***** RECORDS FOR THIS TASK *****
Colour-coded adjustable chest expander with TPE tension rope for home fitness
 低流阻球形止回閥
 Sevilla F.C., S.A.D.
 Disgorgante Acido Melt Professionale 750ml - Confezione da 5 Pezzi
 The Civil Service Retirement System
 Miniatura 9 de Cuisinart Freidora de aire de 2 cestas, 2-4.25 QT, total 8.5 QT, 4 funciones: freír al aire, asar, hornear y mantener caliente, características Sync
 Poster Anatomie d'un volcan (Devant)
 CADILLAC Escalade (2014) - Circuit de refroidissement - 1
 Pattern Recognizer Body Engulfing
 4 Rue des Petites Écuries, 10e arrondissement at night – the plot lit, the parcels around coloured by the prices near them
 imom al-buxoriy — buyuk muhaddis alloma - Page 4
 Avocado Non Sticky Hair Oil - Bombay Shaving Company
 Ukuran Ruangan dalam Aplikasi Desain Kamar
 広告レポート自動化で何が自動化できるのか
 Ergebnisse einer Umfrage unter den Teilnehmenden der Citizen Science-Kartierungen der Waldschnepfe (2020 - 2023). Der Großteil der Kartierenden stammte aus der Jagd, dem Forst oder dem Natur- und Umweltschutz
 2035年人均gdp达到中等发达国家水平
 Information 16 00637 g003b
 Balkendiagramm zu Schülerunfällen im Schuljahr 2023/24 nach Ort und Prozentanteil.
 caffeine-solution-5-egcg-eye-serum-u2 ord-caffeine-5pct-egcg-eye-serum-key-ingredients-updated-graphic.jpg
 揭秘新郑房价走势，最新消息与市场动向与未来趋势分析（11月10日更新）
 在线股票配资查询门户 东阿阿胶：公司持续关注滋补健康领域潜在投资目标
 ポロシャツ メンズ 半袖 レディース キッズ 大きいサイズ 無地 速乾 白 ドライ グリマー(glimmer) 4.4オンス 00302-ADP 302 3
*****
### WHAT IS REQUIRED
The entire set of entries, and nothing else, should be set down exactly.

### REPLY
Colour-coded adjustable chest expander with TPE tension rope for home fitness
 低流阻球形止回閥
 Sevilla F.C., S.A.D.
 Disgorgante Acido Melt Professionale 750ml - Confezione da 5 Pezzi
 The Civil Service Retirement System
 Miniatura 9 de Cuisinart Freidora de aire de 2 cestas, 2-4.25 QT, total 8.5 QT, 4 funciones: freír al aire, asar, hornear y mantener caliente, características Sync
 Poster Anatomie d'un volcan (Devant)
 CADILLAC Escalade (2014) - Circuit de refroidissement - 1
 Pattern Recognizer Body Engulfing
 4 Rue des Petites Écuries, 10e arrondissement at night – the plot lit, the parcels around coloured by the prices near them
 imom al-buxoriy — buyuk muhaddis alloma - Page 4
 Avocado Non Sticky Hair Oil - Bombay Shaving Company
 Ukuran Ruangan dalam Aplikasi Desain Kamar
 広告レポート自動化で何が自動化できるのか
 Ergebnisse einer Umfrage unter den Teilnehmenden der Citizen Science-Kartierungen der Waldschnepfe (2020 - 2023). Der Großteil der Kartierenden stammte aus der Jagd, dem Forst oder dem Natur- und Umweltschutz
 2035年人均gdp达到中等发达国家水平
 Information 16 00637 g003b
 Balkendiagramm zu Schülerunfällen im Schuljahr 2023/24 nach Ort und Prozentanteil.
 caffeine-solution-5-egcg-eye-serum-u2 ord-caffeine-5pct-egcg-eye-serum-key-ingredients-updated-graphic.jpg
 揭秘新郑房价走势，最新消息与市场动向与未来趋势分析（11月10日更新）
 在线股票配资查询门户 东阿阿胶：公司持续关注滋补健康领域潜在投资目标
 ポロシャツ メンズ 半袖 レディース キッズ 大きいサイズ 無地 速乾 白 ドライ グリマー(glimmer) 4.4オンス 00302-ADP 302 3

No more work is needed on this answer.